The surge in sugar prices follows the central government’s announcements to support the industry weeks before the crushing season few weeks away.

The expected decline in 2019-20 sugar production coupled with the announcement on creation of 4 million tonnes (MT) of sugar buffer stock and subsidy on 6 MT sugar exports resulted in sugar prices rising to Rs 34-34.5/kg (ex-mill Uttar Pradesh), according to a report by rating agency ICRA. Sugarcane is Rs 31.8/32 per kg in Maharashtra against the minimum selling price of Rs 31.

The ICRA raid the government’s measures were likely to result in improvement in liquidity of sugar mills, thus supporting cane payments to farmers as well.

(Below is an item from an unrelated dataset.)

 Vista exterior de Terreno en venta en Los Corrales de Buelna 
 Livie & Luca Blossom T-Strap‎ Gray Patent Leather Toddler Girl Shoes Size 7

Domestic sugar production is likely to decline to around 28.2 MT compared to 32.9 MT in 2018-19, because of the near-drought in Maharashtra and Karnataka.

“We expect closing sugar stock for 2019-20 at 12-12.5 MT. Despite sugar surplus, the government support measures have resulted in increase in sugar prices," said Sabyasachi Majumdar, ICRA Ratings senior vice president and group head.

The government first announced a financial package for the industry in July and last month followed it up by approving an export subsidy of Rs 10.44 per kg of sugar to enable mills ship 6 MT of the product.

“It is a big relief to sugar industry, since 6 MT would translate into sugar value of Rs 18,000 crore even if we sell at Rs 30 per kg. It reduces the stock and carrying cost accordingly, while mills get vacant storage space for new sugar,” said Abinash Verma, director general of Indian Sugar Mills Association (ISMA).

However, Tamil Nadu mills are in crisis. Only 14 of the 25 private sugar mills in the state are unlikely to operate in 2019-20 season owing to sugarcane shortage and liquidity constraints.

Representatives from South Indian Sugar Mills Association (SISMA) said in Chennai their request is staggered repayment, restructuring of dues and a financial package.